Work to be completed –
Leaving out every picture, transcribe the lines from the line that contains "Davis Cottage |" to the end of the entries below, both ends included.

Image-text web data
• • • •

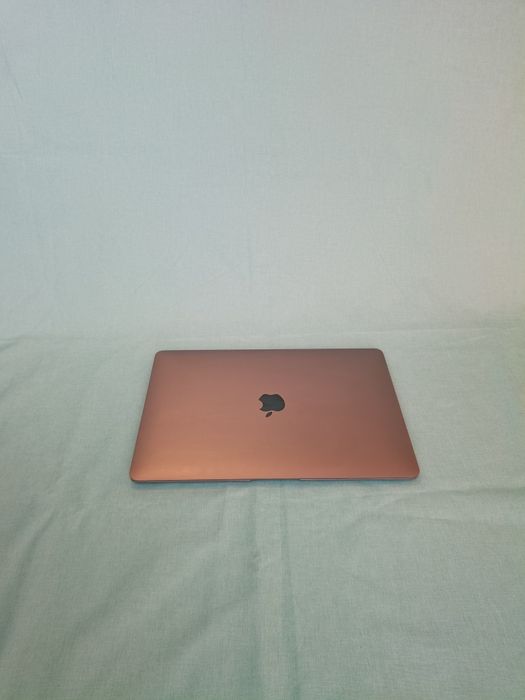 MacBook Air 13" (2020) – Cinzento Espacial – Bom estado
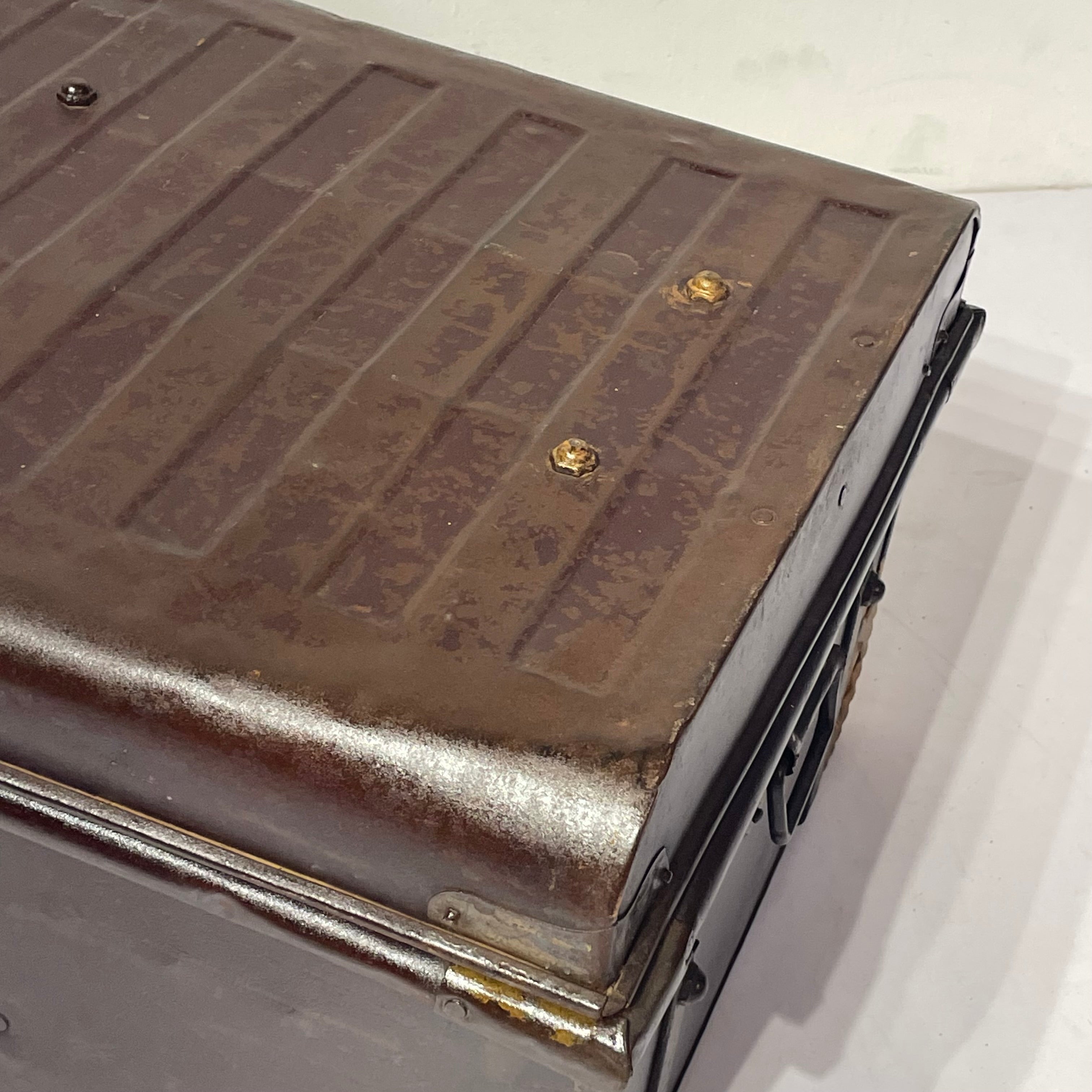 Vintage Iron box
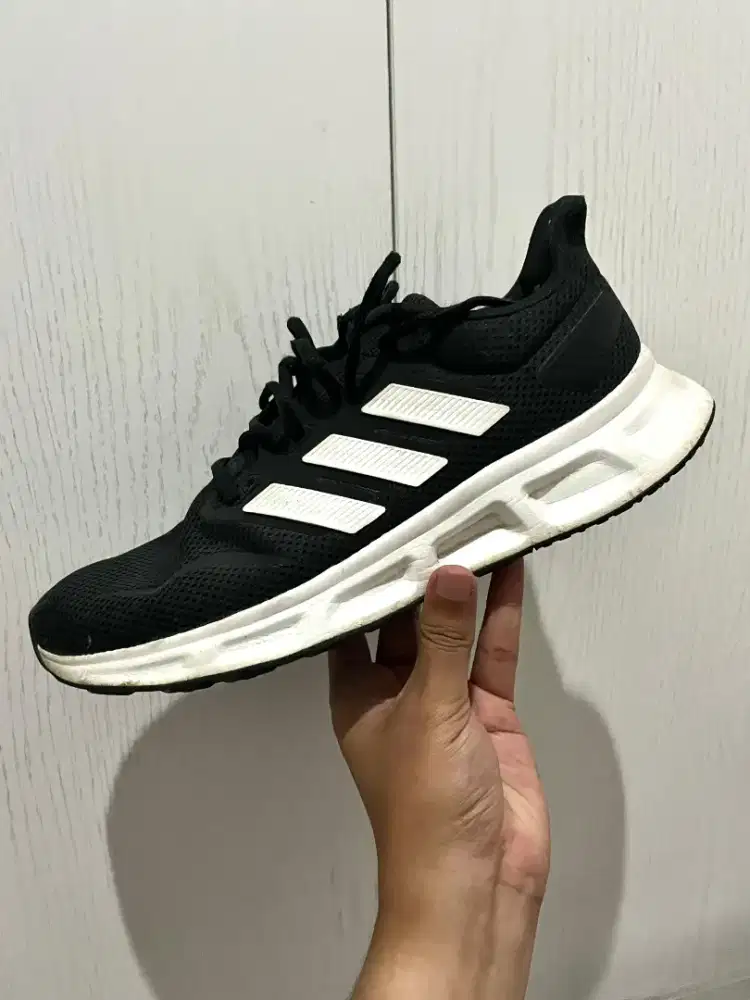Sepatu Running Adidas Original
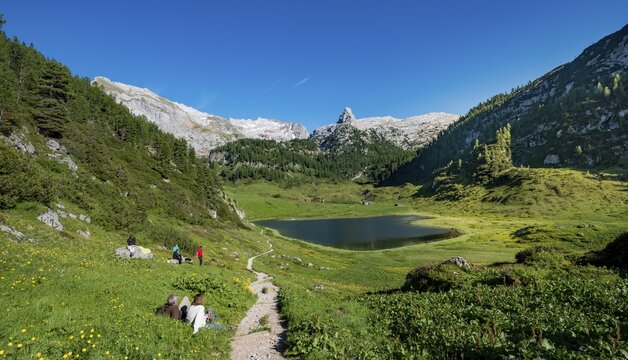 Hiking trail with Funenseesattel and Schottmalhorn, Steinernes Meer, Berchtesgaden National Park, Bavaria, Germany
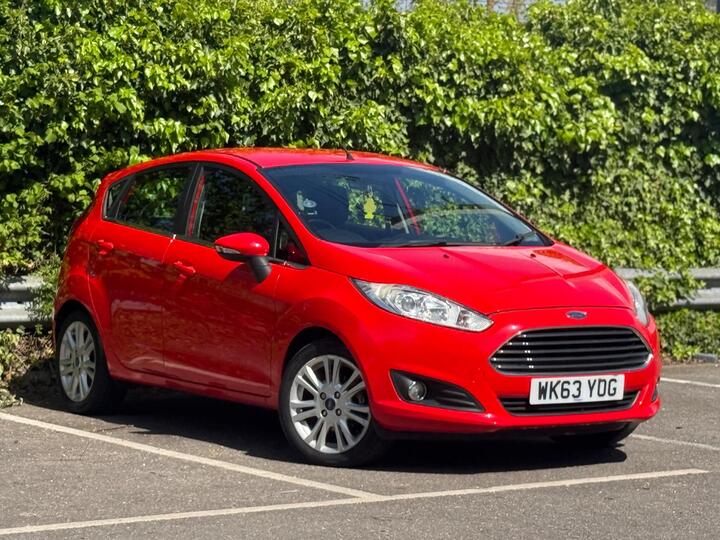 Ford Fiesta 1.0T EcoBoost Zetec Euro 5 (s/s) 5dr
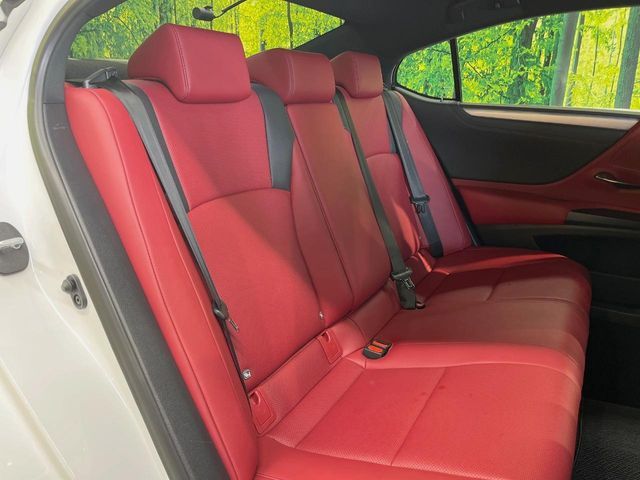 TOYOTA LEXUS ES300H 2019 Image 31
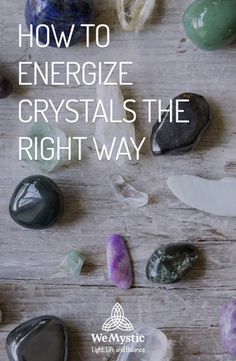 Each crystal contains specific properties and powers that can bring multiple benefits to our life, our health, our environment. However, it is not enough just to buy them and start decorating at home or use it on a necklace, you also need to clean and energize crystals so that they act according to the energy you need. Crystals For Artemis, How To Energize Crystals, How To Arrange Crystals, How To Program Crystals, Health Crystals Healing Stones, Crystals For Positive Energy, Crystals For Dreams, Crystals For Home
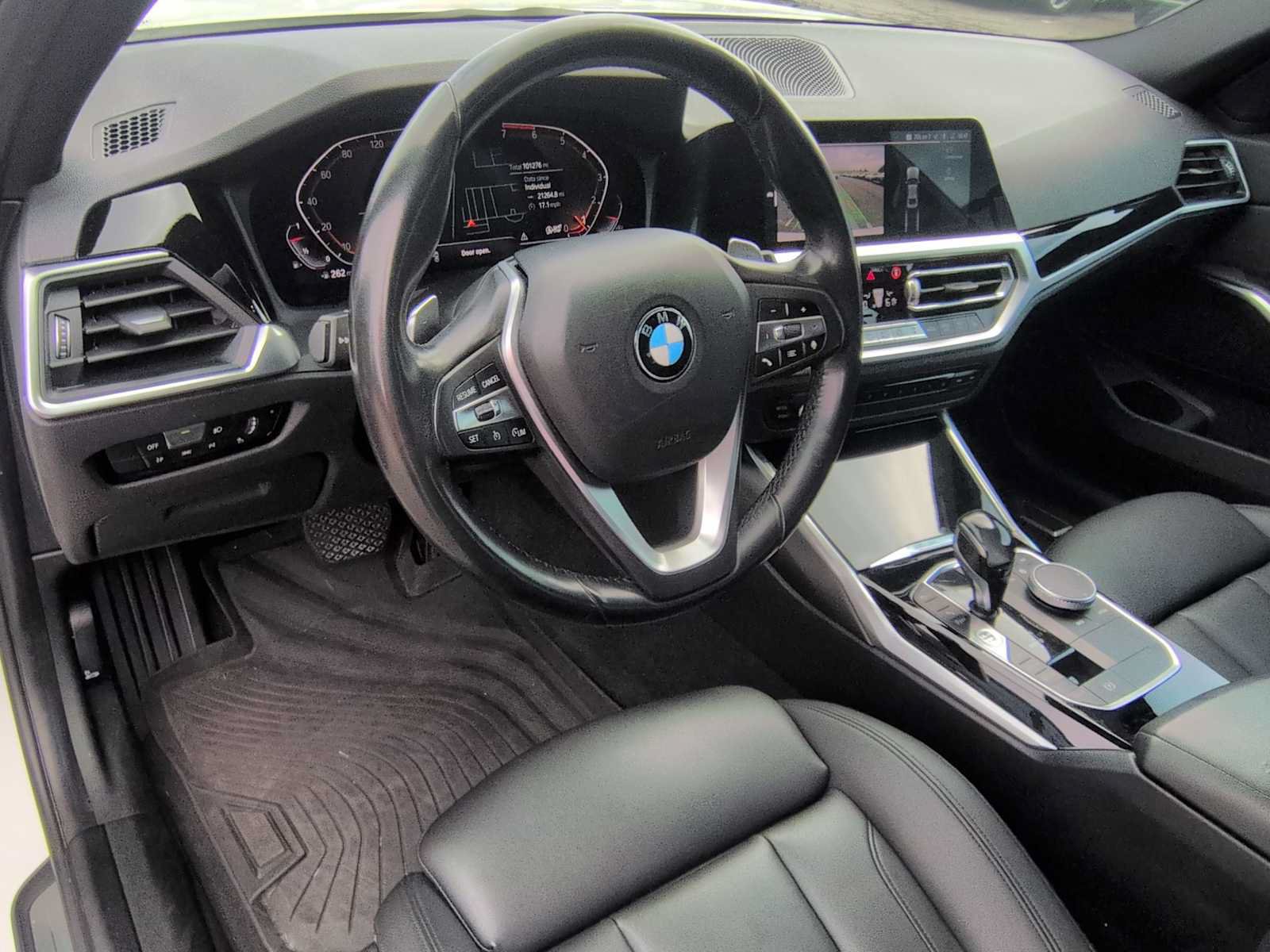 Used 2019 BMW 330i Sedan w/ Convenience Package RWD image 10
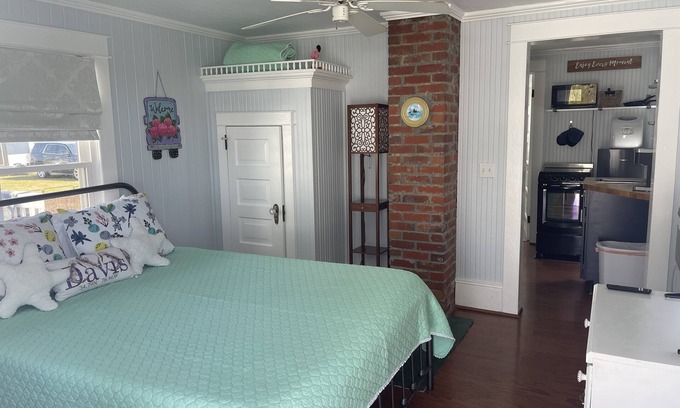 Davis Cottage | Awesome Cape Lookout Cottage Waterfront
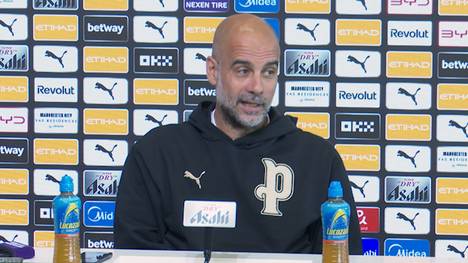 Auf der Pressekonferenz wird Guardiola zu der aktuellen Form von Bayern München gefragt. Dabei schwärmt der Spanier vom gesamten Verein und spricht von einer "außergewöhnlichen Leistung"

• • • •

Answer section –
 Davis Cottage | Awesome Cape Lookout Cottage Waterfront
 Auf der Pressekonferenz wird Guardiola zu der aktuellen Form von Bayern München gefragt. Dabei schwärmt der Spanier vom gesamten Verein und spricht von einer "außergewöhnlichen Leistung"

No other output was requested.